- _Work order_
Reproduce the listing below exactly. Pictures do not belong in the copy.

- _Information supplied_
● ● ●
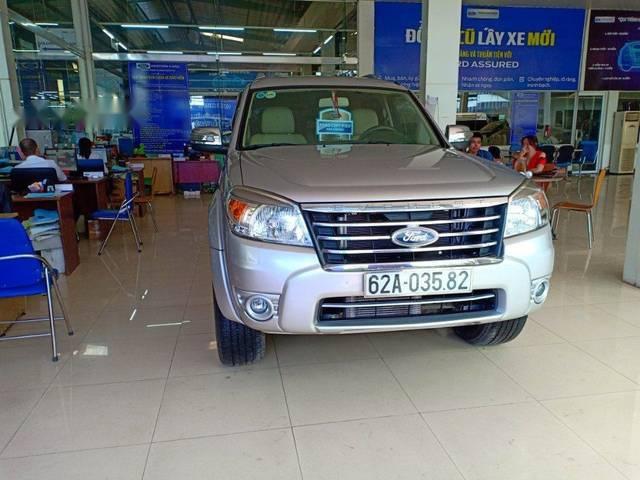 Ford Everest 2011 - Cần bán xe Ford Everest đời 2011, màu bạc còn mới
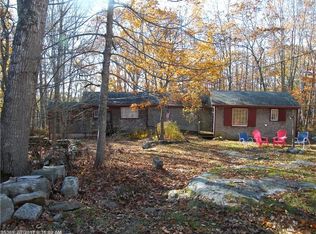 15 Pine St, Boothbay Harbor, ME 04538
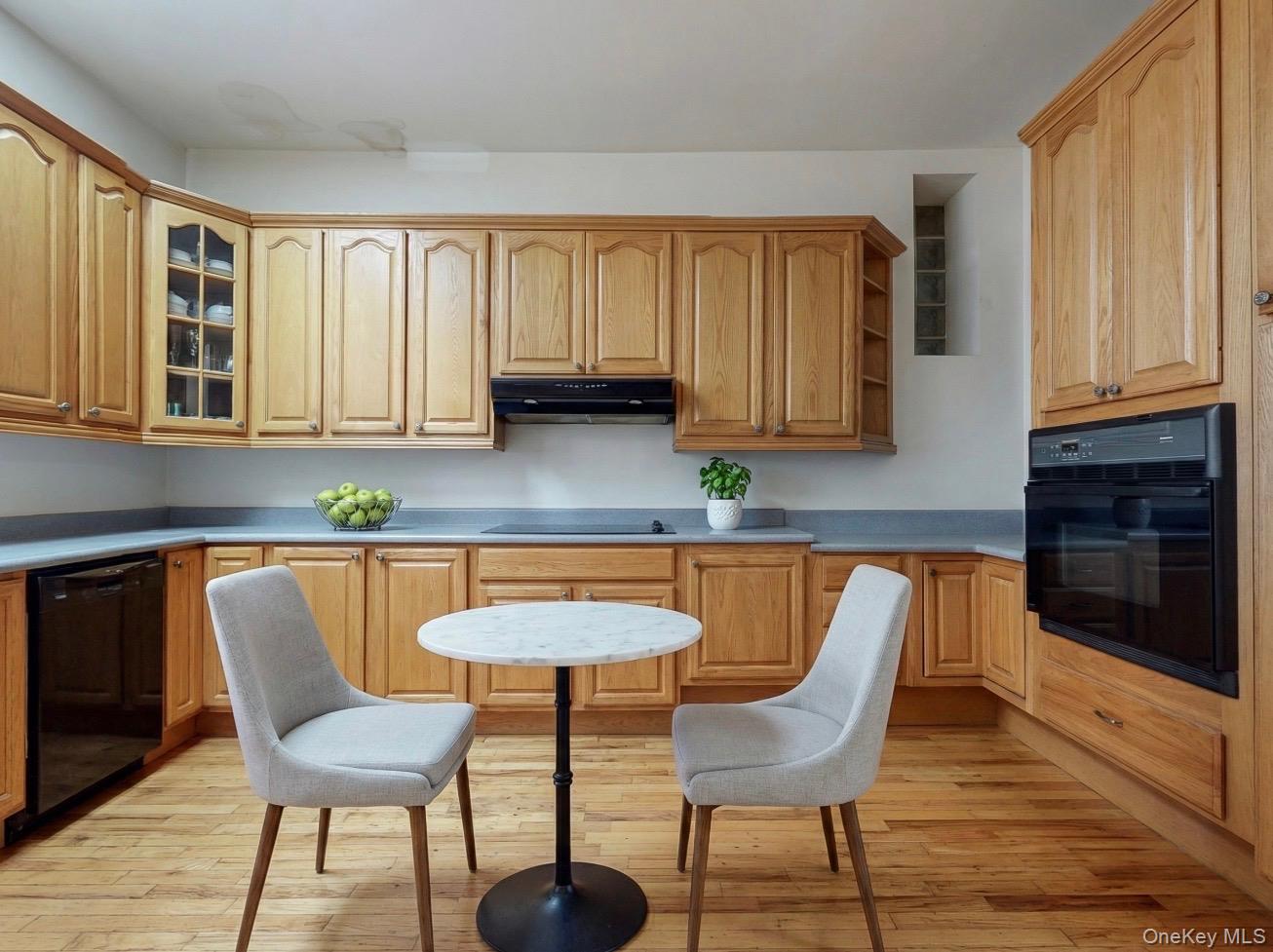 #6 photo, 304 Waverly Avenue, ব্রুকলিন Brooklyn , NY 11205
● ● ●
- _Exercise solution_
 Ford Everest 2011 - Cần bán xe Ford Everest đời 2011, màu bạc còn mới
 15 Pine St, Boothbay Harbor, ME 04538
 #6 photo, 304 Waverly Avenue, ব্রুকলিন Brooklyn , NY 11205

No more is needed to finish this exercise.